Kawah Gunung Tambora tentunya tak kalah menariknya. Dengan diameter kawah sekitar 8 km, yang menjadikan gunung berapi ini sebagai salah satu gunung api aktif yang memiliki kawah terbesar di dunia. Luasnya kawah menjadi saksi bisu kedahsyatan letusan gunung ini 200 tahun yang lalu. Sebelum meletus pada April 1815, Gunung Tambora (Tomboro) adalah gunung api aktif tertinggi kedua setelah Puncak Jaya/Carstensz Piramid (4.884 mdpl) di Papua. Sebelum meletus, Gunung Tambora memiliki ketinggian 4.300 m dpl tetapi setelah letusan dahsyat, separuh puncaknya gunungnya ambruk dan menyisakan ketinggian 2.851 mdpl. Ditengah cekungan kawah, 1200 meter dibawah sana terlihat Doro Afi Toi, anak gunung baru yang muncul beberapa tahun terakhir dan tak henti mengeluarkan asap belerang. Krisis pemberitaan mengenai Tambora yang mulai ‘batuk-batuk’ tahun lalu kabarnya terkait aktivitas vulkanik di gunung baru itu.

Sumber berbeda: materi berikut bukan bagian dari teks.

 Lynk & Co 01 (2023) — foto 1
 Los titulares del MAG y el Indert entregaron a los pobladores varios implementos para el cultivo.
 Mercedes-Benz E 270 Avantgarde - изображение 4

Tahun tanpa musim panas, begitu orang eropa menyebutnya. Letusan Gunung Tambora pada tahun 1815 begitu banyak terekam dalam sejarah dunia sebagai letusan gunung stratovulcanik yang berpengaruh terhadap perubahan cuaca dunia. Lebih dari 300 hari lamanya belahan benua eropa dibuat gulita akibat semburan abu letusan Tambora yang beredar di atmosfer bumi. Tiga kerajaan besar yang berada di kaki gunung ini juga hilang bersama penduduknya, meninggalkan catatan sejarah berupa puing-puing reruntuhan bangunan dan mayat manusia dalam tumpukan pasir sedalam lebih dari tiga meter. Sisa-sisa peradaban Tambora yang mirip dengan situs bekas kota Pompeii di Eropa kini menjadi objek eksavasi para arkeolog yang ingin mengungkap misteri peradaban sebelum Tambora Murka.

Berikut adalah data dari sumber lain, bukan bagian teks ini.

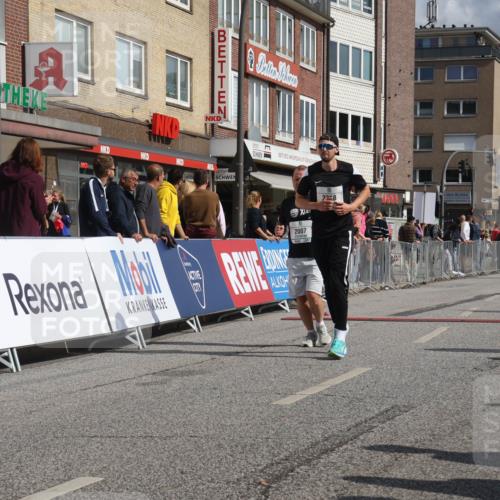 15.09.2024 - PSD Bank Halbmarathon Michael Strokosch http://msf.ph/oto/7075243 15.09.2024 12:15:30 Ziel 2007, 2318, 3186, 3353 meine-sportfotos.de
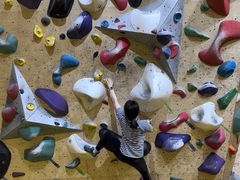 -问山MountQuest攀岩馆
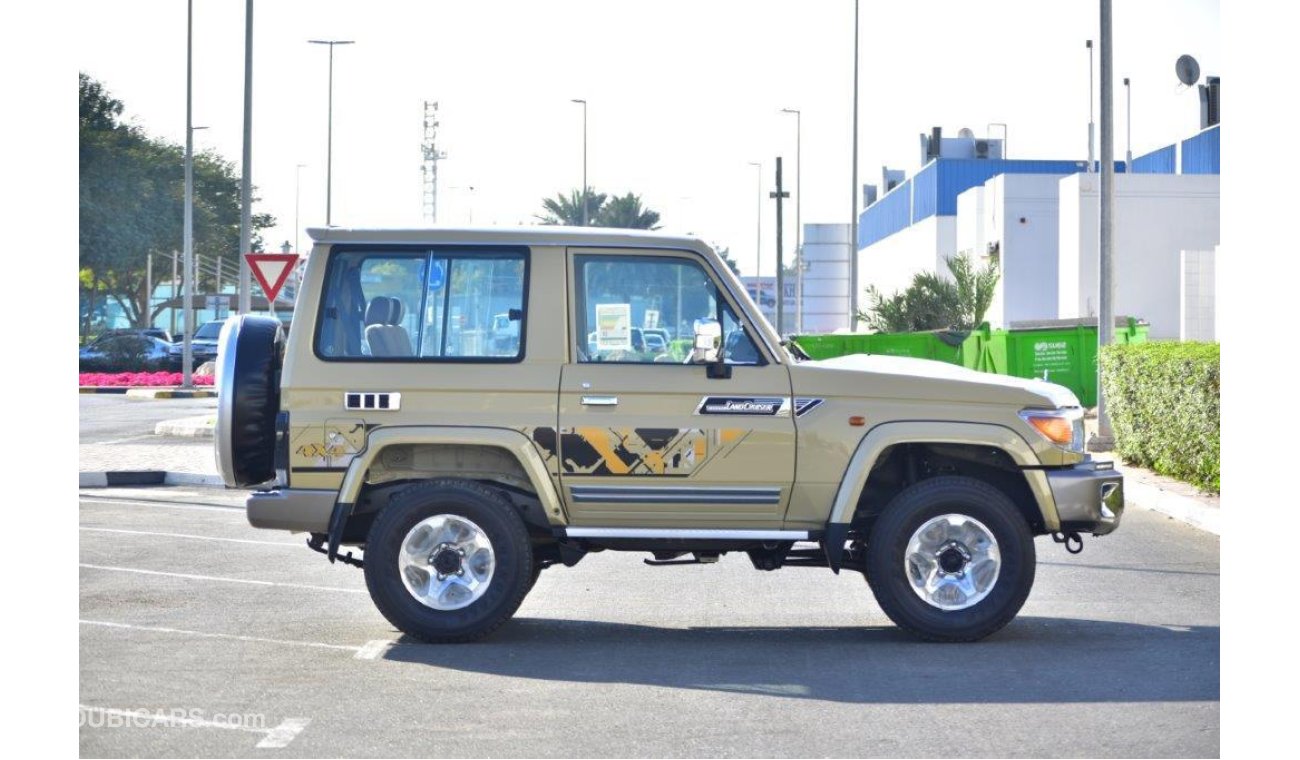 تويوتا لاند كروزر هارد توب 71 XTREME V6 4.0L Petrol MT With Differential Lock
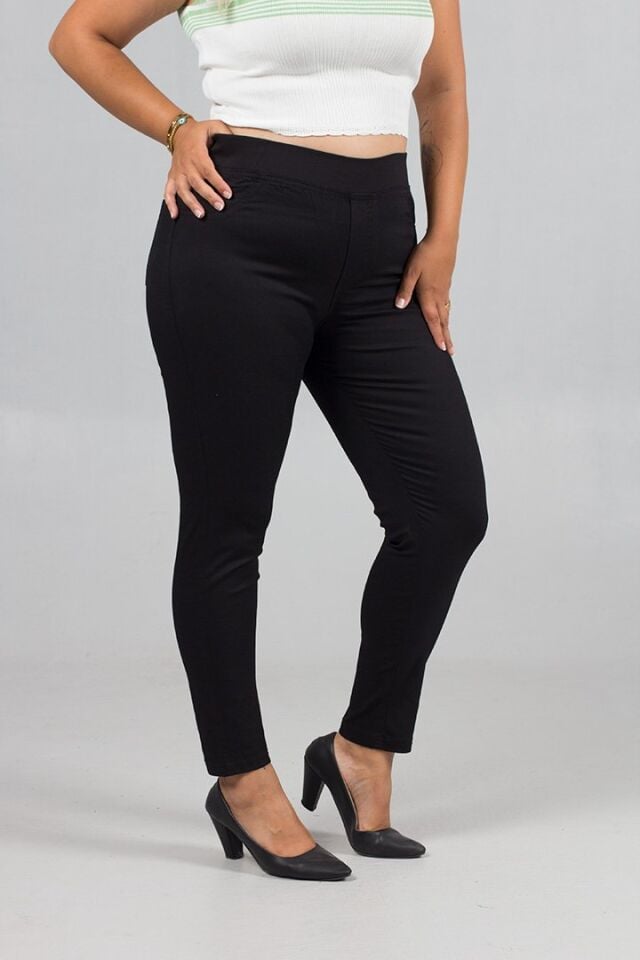 Siyahın Asaleti Büyük Beden Arka Cepli Likralı Tayt Kot ve Pantolon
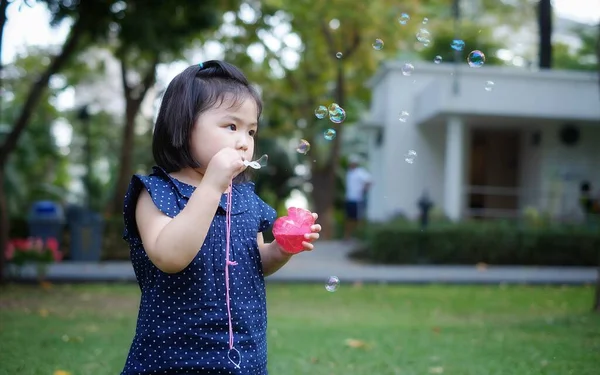 Симпатичная Азиатка Играет Парке Мыльными Пузырями Выдувая Воздух — стоковое фото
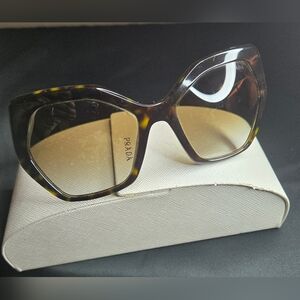 Authentic Prada Oversized Tortoise Sunglasses And Case✨Made in Italy
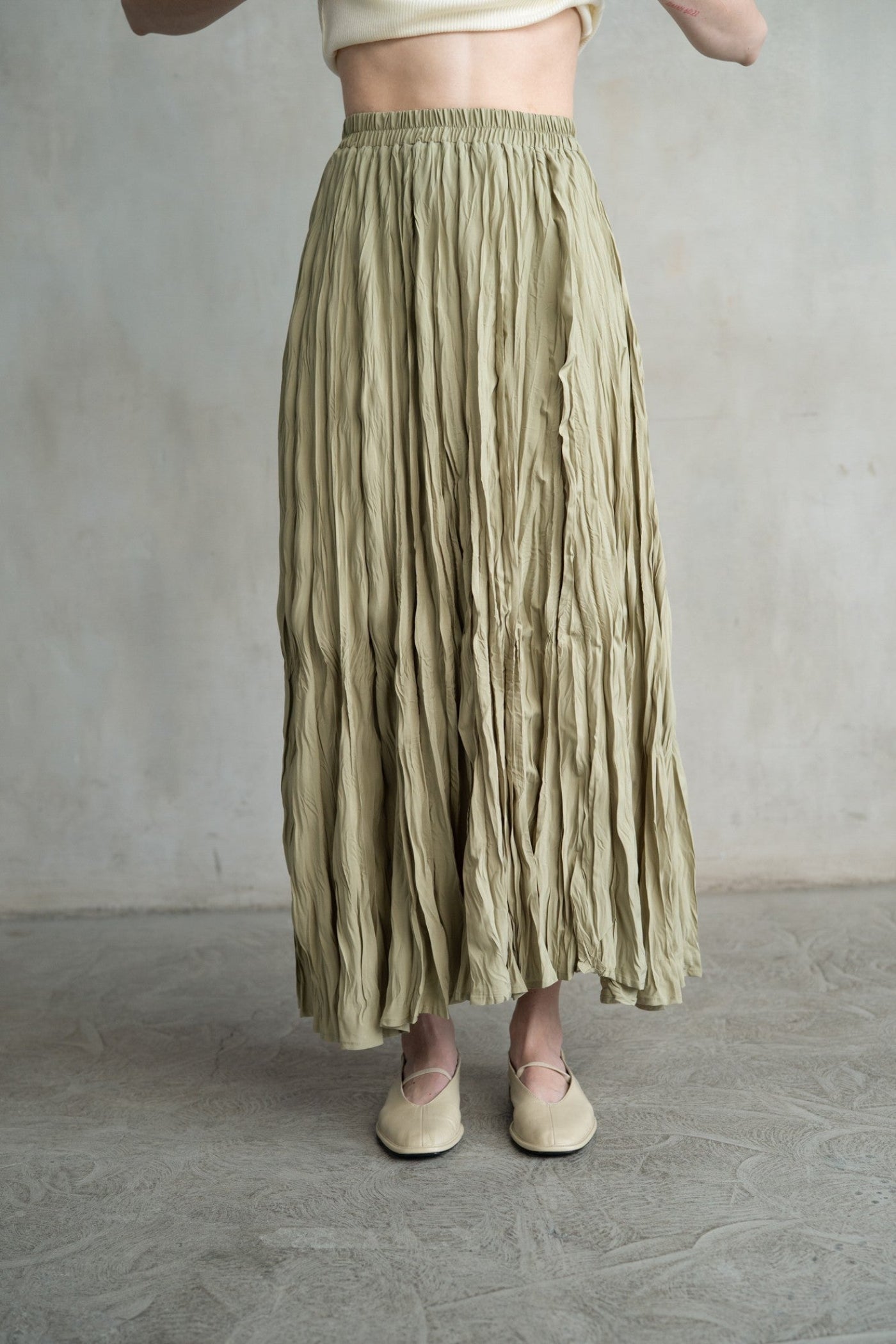 ELLE GREY ELEGANT CRINKLED MAXI SKIRT – SAGE & DARK BROWN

Selain para pendaki lokal maupun mancanegara, Tambora tak henti menarik perhatian banyak ilmuwan untuk berkunjung. Mulai dari para geologis, ahli gempa, ahli botani, arkeolog, juga para peneliti sejarah berdatangan untuk menjelajahi harta karun keilmuan Tambora mulai dari kaki sampai puncak gunung. Juga belum lekang dari ingatan kita, Wakil Menteri ESDM Widjajono Partowidagdo meninggal dunia saat tengah mendaki Gunung Tambora beberapa bulan yang lalu. Wamen nyentrik ini konon begitu antusias dan penasaran untuk menginjakkan kaki di puncak tambora hingga akhir hayatnya menjemput.
Mas Sugeng, pendaki lokal yang ikut bersama kami mengungkapkan gencarnya pemberitaan mengenai aktivitas vulkanik Tambora tahun lalu dan yang terhangat mengenai pendakian terakhir Wamen ESDM pada awal tahun ini sedikit banyak telah mengangkat promosi dan informasi mengenai gunung Tambora. Walaupun dalam bungkusan ‘berita buruk’, namun ajaibnya semakin banyak saja para pengunjung yang berdatangan dengan terangkatnya berita tersebut. Ia memprediksi kunjungan ke gunung Tambora akan lebih meningkat lagi beberapa tahun ke depan, bertepatan dengan momen 200 tahun letusan gunung tambora yang rencananya akan diperingati dengan banyak agenda pariwisata pada tahun 2015 mendatang.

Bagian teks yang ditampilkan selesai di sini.